FL models, a type of machine learning (ML), are a privacy-focused method for training artificial intelligence (AI) algorithms. The use of AI in healthcare has piqued significant interest in recent years, but data privacy concerns present challenges to AI use.
Traditional AI methods require large datasets. There are practical, ethical, and legal challenges to the data collection necessary for a robust dataset. For instance, training AI models typically requires that patient-related data be shared with a central repository, but data sharing across institutions may require patients to forfeit their rights to data control.
Conversely, FL models allow local data samples to be held on decentralized devices or servers. By training multiple AI models independently on separate computers, researchers can ensure that the models share only learned model weights and not any input data.
“Federated learning is an important future solution for AI in healthcare,” said Christopher Tignanelli, MD, an associate professor at the University of Minnesota Medical School, in the press release. “As all machine learning methods benefit greatly from the ability to access data that provides closer to a true global distribution, federated learning is a promising approach to obtain powerful, accurate, safe, robust and unbiased models.”

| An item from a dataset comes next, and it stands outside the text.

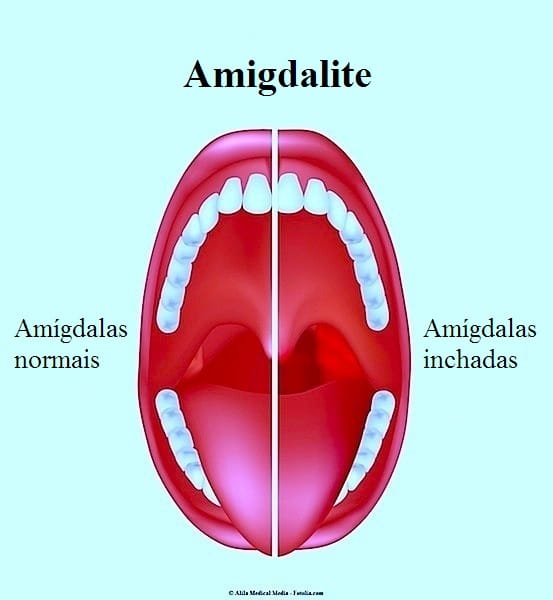 amigdalite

This ability to access data is especially useful during public health emergencies, such as the COVID-19 pandemic.
To determine FL’s potential utility in COVID-19 diagnostics, the researchers compared the performance of various federated and AI models using a previously described COVID-19 diagnostic model. They found that the FL models may not improve generalizability compared to other AI algorithms without resulting in poor internal validity, but these FL models may offer an opportunity to develop both internally and externally validated algorithms.

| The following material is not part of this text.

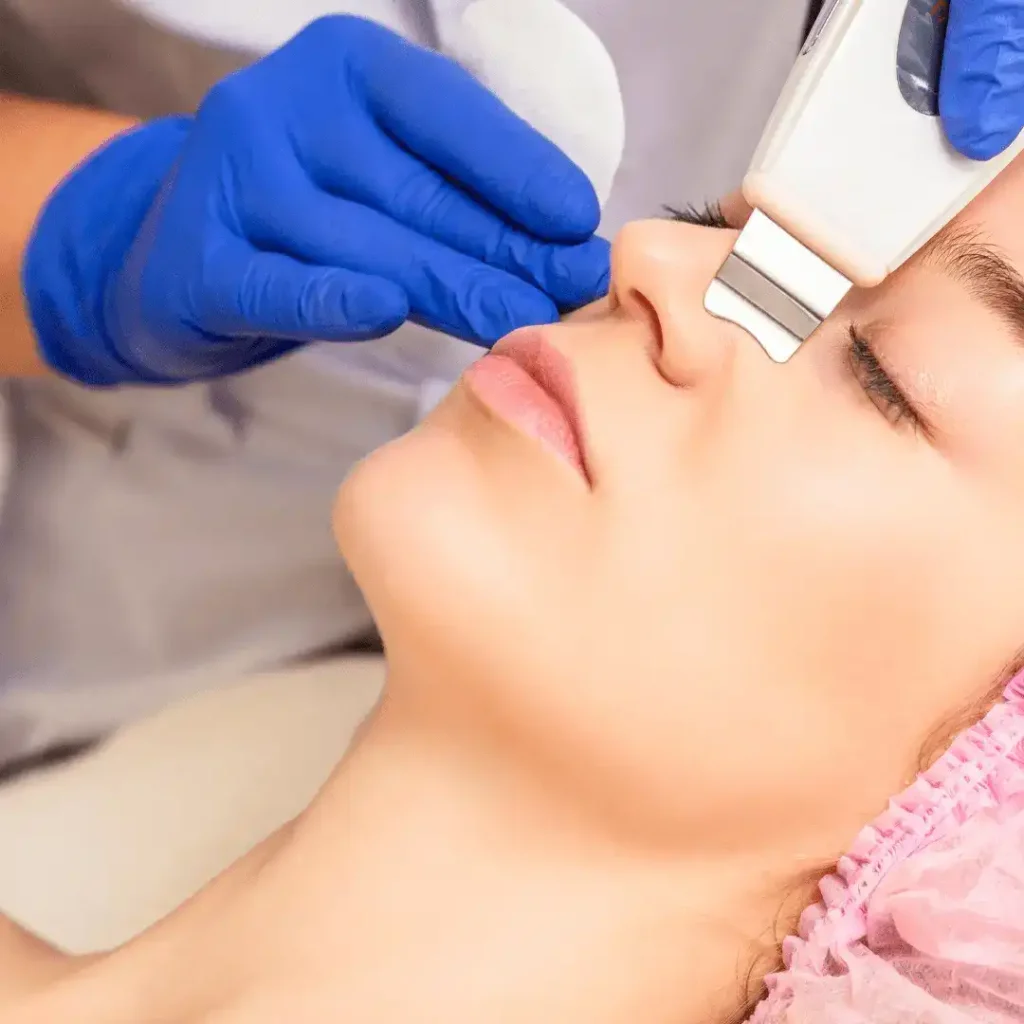 Peeling cavitational exemplu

Outside of this application, the researchers indicate that the use of FL can provide multiple potential benefits in healthcare, including improving medical image and text analysis, creating better diagnostic tools for clinicians, advancing collaborative and accelerated drug discovery, decreasing cost and time-to-market for pharmaceutical companies, and addressing rare disease cases where no single institution has enough data to train models.
“We’re proud to be among the first teams implementing and further refining federated learning in real-world healthcare settings, with the strong support of industrial partners including Nvidia and Cisco,” said Ju Sun, PhD, an assistant professor at the University of Minnesota College of Science and Engineering, in the press release. “Data is the oil for modern AI, and federated learning makes the perfect oil refinery to advance AI for healthcare.”
This is the latest application of FL in medical research. Last month, a research team from the University of Pittsburgh Swanson School of Engineering received a $1.7 million National Institutes of Health grant to develop an FL-based approach to achieve fairness in AI-assisted medical screening tools.